Title 26: Internal Revenue
PART 1—INCOME TAXES (CONTINUED)


§1.467-3   Disqualified leasebacks and long-term agreements.

(a) General rule. Under §1.467-1(d)(2)(i), constant rental accrual (as described under paragraph (d) of this section) must be used to determine the fixed rent for each rental period in the lease term if the section 467 rental agreement is a disqualified leaseback or long-term agreement within the meaning of paragraph (b) of this section. Constant rental accrual may not be used in the absence of a determination by the Commissioner, pursuant to paragraph (b)(1)(ii) of this section, that the rental agreement is disqualified. Such determination may be made either on a case-by-case basis or in regulations or other guidance published by the Commissioner (see §601.601(d)(2) of this chapter) providing that a certain type or class of leaseback or long-term agreement will be treated as disqualified and subject to constant rental accrual.

(b) Disqualified leaseback or long-term agreement—(1) In general. A leaseback (as defined in paragraph (b)(2) of this section) or a long-term agreement (as defined in paragraph (b)(3) of this section) is disqualified only if—

(i) A principal purpose for providing increasing or decreasing rent is the avoidance of Federal income tax (as described in paragraph (c) of this section);

(ii) The Commissioner determines that, because of the tax avoidance purpose, the agreement should be treated as a disqualified leaseback or long-term agreement; and

(iii) For section 467 rental agreements entered into before July 19, 1999, the amount determined with respect to the rental agreement under §1.467-1(c)(4) (relating to the exception for rental agreements involving total payments of $250,000 or less) exceeds $2,000,000.

(2) Leaseback. A section 467 rental agreement is a leaseback if the lessee (or a related person) had any interest (other than a de minimis interest) in the property at any time during the two-year period ending on the agreement date. For this purpose, interests in property include options and agreements to purchase the property (whether or not the lessee or related person was considered the owner of the property for Federal income tax purposes) and, in the case of subleased property, any interest as a sublessor.

(3) Long-term agreement—(i) In general. A section 467 rental agreement is a long-term agreement if the lease term exceeds 75 percent of the property's statutory recovery period.

(ii) Statutory recovery period—(A) In general. The term statutory recovery period means—

(1) In the case of property depreciable under section 168, the applicable period determined under section 467(e)(3)(A);

(2) In the case of land, 19 years; and

(3) In the case of any other tangible property, the period that would apply under section 467(e)(3)(A) if the property were property to which section 168 applied.
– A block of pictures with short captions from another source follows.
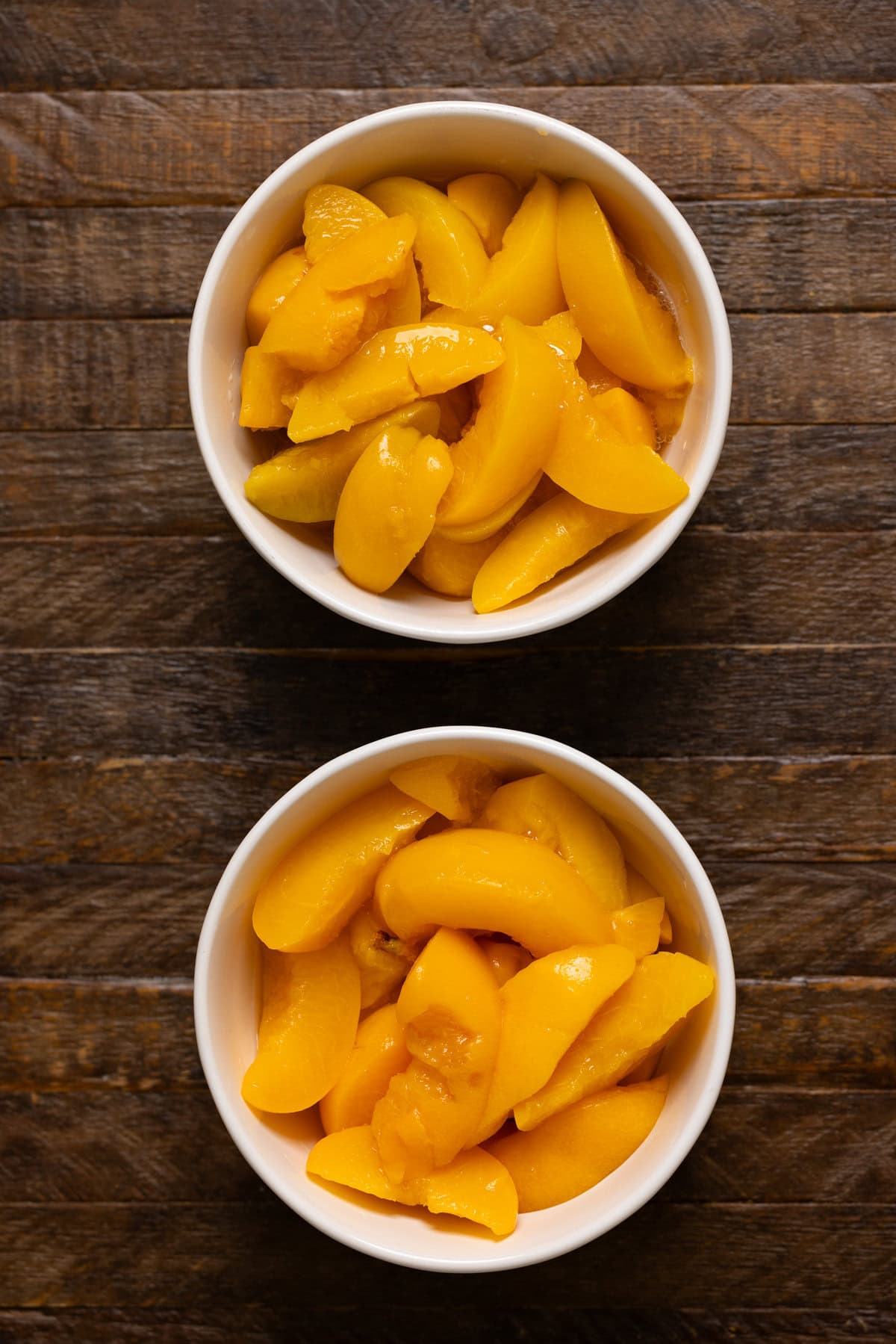 Sliced peaches in two white bowls on a brown wood table.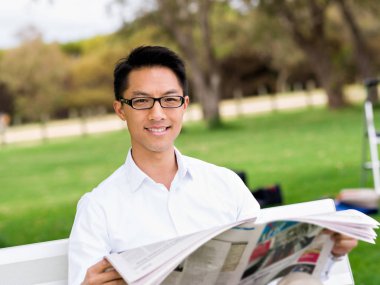 İş adamı parkta bir gazete okuyor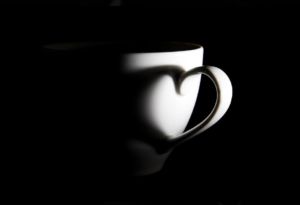 Image of a cup with a love heart shadow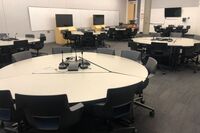 View of student active learning round table and chair seating, multiple markerboards and student display monitors on all walls, exit and lectern on middle right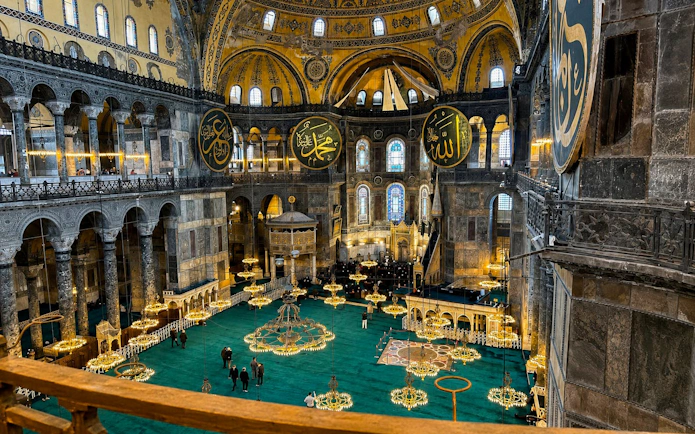 Interior view of Hagia Sophia's grand dome and ornate chandeliers, Istanbul.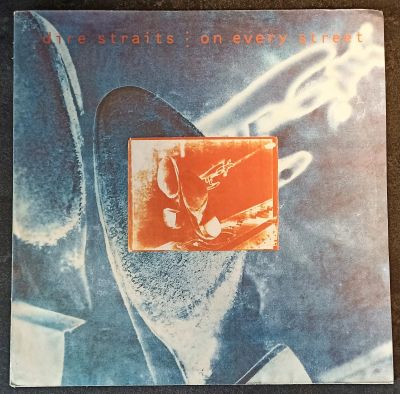Лот: 20225539. Фото: 1. LP Dire Straits - On Every Street. Аудиозаписи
(B) Special rule for rental agreements relating to properties having different statutory recovery periods. In the case of a rental agreement relating to two or more related properties that have different statutory recovery periods, the statutory recovery period for purposes of paragraph (b)(3)(ii)(A) of this section is the weighted average, based on the fair market values of the properties on the agreement date, of the statutory recovery periods of each of the properties.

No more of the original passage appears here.